Friday, September 3, 2010

Cousins

It's become a tradition for my maternal first cousins to meet once every three months for dinner, along with our spouses and sometimes our children, on the evening preceding the board meeting of a family foundation. Because my wife and I lived abroad when this tradition was being formed, and because the dinners are held in Boston, whereas we live in New York, my wife and I have attended relatively few of these dinners. But recently, we went up to Boston to dine with my cousins.

We did so because an unusually large number of cousins would be attending the dinner in honor of my sister and her husband, who would be celebrating their 51st wedding anniversary the next day. The foundation will expire next year and it's not at all clear that the tradition of cousin dinners will continue after that. Who knows how many more chances I'll have to see that number of cousins again? So although we had just come back from a long weekend on Cape Cod, we went yet again to Massachusetts. It was there that I realized, to my considerable surprise, how much I enjoy being with my cousins, how warm is my feeling for them, and how precious I find my connection with each of them.

I was surprised because we are a heterogeneous lot, and if we met one another as strangers, at a party, for example, or in the next seat on a transcontinental flight, we might engage in a pleasant conversation, but I wonder how many of my cousins would ask for my e-mail address. Our personalities and interests are different enough that it's unlikely many of them would do so.

But we share our childhoods, and that makes all the difference.
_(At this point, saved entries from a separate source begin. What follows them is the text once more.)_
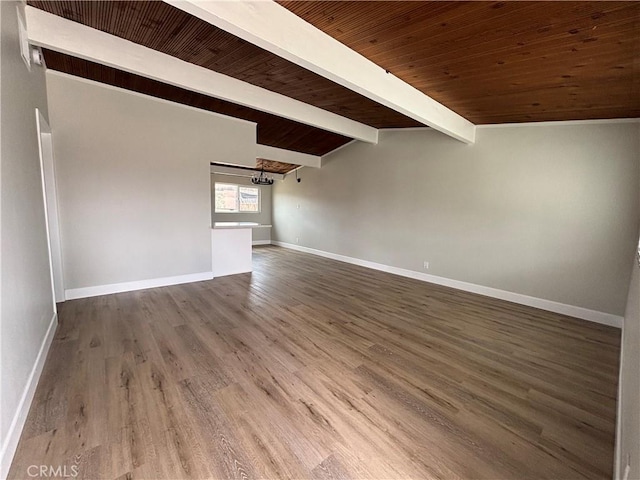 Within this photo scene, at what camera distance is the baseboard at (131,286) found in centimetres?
380

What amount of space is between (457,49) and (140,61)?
9.79 ft

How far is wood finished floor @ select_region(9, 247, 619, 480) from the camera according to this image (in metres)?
1.48

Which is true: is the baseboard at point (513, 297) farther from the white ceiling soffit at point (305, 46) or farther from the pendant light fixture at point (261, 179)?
the pendant light fixture at point (261, 179)

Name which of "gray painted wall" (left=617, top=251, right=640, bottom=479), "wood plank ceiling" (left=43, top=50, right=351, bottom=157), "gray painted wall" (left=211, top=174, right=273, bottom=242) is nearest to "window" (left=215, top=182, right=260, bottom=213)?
"gray painted wall" (left=211, top=174, right=273, bottom=242)

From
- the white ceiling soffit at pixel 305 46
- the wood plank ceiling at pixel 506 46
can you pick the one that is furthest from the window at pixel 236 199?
the wood plank ceiling at pixel 506 46

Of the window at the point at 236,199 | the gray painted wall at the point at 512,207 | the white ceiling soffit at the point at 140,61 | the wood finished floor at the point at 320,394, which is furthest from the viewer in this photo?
the window at the point at 236,199

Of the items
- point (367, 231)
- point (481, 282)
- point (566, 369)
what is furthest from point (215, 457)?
point (367, 231)

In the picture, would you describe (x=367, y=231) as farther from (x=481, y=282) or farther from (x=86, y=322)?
(x=86, y=322)

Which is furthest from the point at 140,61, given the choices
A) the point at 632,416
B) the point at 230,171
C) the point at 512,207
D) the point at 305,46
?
the point at 230,171

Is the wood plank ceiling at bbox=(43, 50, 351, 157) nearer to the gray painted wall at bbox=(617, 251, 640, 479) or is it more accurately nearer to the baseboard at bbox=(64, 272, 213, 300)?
the baseboard at bbox=(64, 272, 213, 300)

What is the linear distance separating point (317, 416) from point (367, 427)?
12.6 inches

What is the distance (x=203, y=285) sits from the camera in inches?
181

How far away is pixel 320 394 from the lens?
2004 mm

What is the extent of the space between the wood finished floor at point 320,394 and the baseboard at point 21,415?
5 centimetres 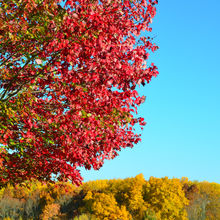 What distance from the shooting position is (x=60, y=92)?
11148 mm

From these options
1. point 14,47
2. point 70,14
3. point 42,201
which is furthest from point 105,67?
point 42,201

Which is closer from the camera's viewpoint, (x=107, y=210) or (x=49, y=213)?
(x=107, y=210)

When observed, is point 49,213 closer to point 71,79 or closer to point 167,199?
point 167,199

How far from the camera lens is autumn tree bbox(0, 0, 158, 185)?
383 inches

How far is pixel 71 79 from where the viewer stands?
10.1 m

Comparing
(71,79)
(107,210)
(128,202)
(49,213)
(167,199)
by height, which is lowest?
(49,213)

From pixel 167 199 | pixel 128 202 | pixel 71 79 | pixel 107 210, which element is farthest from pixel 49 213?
pixel 71 79

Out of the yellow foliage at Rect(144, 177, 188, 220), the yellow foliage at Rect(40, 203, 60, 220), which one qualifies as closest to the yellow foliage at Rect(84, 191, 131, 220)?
the yellow foliage at Rect(40, 203, 60, 220)

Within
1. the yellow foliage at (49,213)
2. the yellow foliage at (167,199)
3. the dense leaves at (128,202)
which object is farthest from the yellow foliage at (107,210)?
the yellow foliage at (167,199)

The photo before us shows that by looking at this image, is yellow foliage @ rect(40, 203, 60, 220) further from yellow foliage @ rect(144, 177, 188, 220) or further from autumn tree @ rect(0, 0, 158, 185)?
autumn tree @ rect(0, 0, 158, 185)

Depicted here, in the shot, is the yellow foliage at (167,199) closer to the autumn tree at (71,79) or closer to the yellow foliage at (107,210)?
the yellow foliage at (107,210)

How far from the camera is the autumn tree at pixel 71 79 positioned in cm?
973

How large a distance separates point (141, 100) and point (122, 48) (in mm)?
2214

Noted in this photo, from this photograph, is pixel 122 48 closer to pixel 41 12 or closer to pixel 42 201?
pixel 41 12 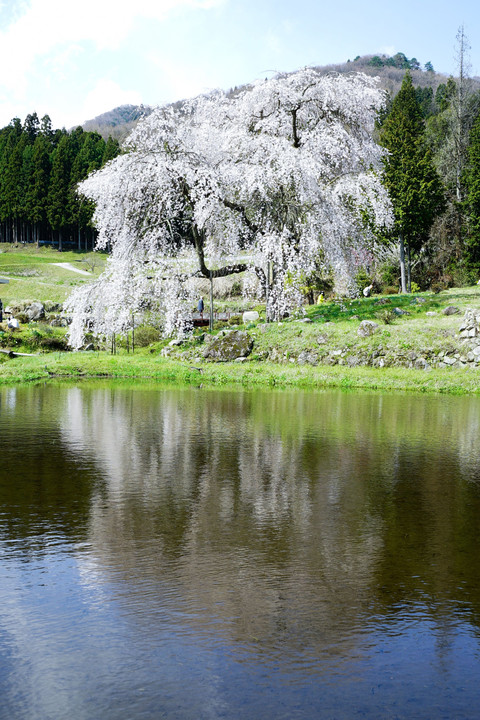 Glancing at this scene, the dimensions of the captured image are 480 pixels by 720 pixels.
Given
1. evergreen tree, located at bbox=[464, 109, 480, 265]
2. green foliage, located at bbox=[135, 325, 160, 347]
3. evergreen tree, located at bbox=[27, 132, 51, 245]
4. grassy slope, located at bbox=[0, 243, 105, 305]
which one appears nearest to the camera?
green foliage, located at bbox=[135, 325, 160, 347]

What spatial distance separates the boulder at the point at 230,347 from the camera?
27438mm

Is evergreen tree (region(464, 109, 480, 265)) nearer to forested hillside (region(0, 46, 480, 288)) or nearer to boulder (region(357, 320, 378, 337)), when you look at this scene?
forested hillside (region(0, 46, 480, 288))

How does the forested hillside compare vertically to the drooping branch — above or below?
above

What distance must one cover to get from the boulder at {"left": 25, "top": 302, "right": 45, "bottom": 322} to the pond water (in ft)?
83.5

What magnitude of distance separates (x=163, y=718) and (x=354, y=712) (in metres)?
1.09

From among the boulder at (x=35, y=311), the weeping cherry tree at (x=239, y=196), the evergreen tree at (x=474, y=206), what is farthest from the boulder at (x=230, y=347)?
the evergreen tree at (x=474, y=206)

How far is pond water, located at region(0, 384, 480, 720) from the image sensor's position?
4.16 metres

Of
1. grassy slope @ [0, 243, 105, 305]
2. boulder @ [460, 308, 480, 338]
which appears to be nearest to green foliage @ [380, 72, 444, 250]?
boulder @ [460, 308, 480, 338]

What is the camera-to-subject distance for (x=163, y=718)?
152 inches

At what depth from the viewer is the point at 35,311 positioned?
37281 millimetres

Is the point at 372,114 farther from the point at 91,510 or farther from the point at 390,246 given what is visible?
the point at 91,510

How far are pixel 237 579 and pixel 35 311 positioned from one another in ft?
110

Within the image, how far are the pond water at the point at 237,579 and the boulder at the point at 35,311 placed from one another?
2544 centimetres

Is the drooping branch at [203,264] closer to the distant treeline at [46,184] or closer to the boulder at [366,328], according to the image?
the boulder at [366,328] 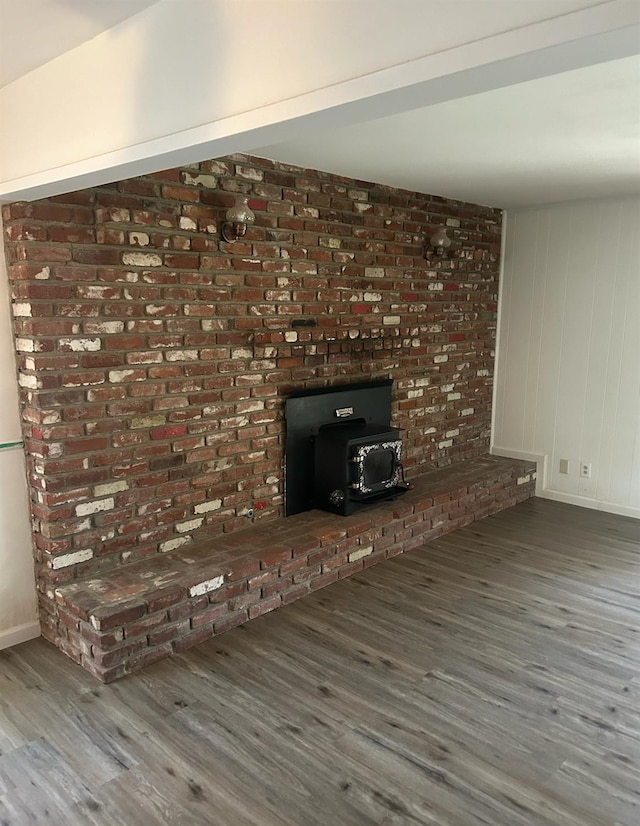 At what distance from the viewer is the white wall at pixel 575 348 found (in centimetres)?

My parents summered with my mother's sisters either in the same large house or in nearby houses, when we were children, and during the rest of the year, we children were often in each other's homes, all but one of which were within a fifteen minute walk of one another. When I heard that one of my cousins, who was not at the meeting, was seriously ill, I felt a rush of concern for him, although I've seldom seen him since I left home. But that didn't matter: he is only a few months younger than I am, and we played together as children. The age difference between my younger cousins and me meant that they were never my playmates, but nonetheless I met them often at family dinners, particularly at Thanksgiving and Passover. They were part of my childhood too.

Many of my cousins have retained their Boston accents. When I hear them speak, I'm transported to a time long past, and I can almost believe that my parents and my uncles and aunts are in the next room, at their own dinner party, one for the grown-ups, a party from which we children have been excluded. Who says one can't go home again?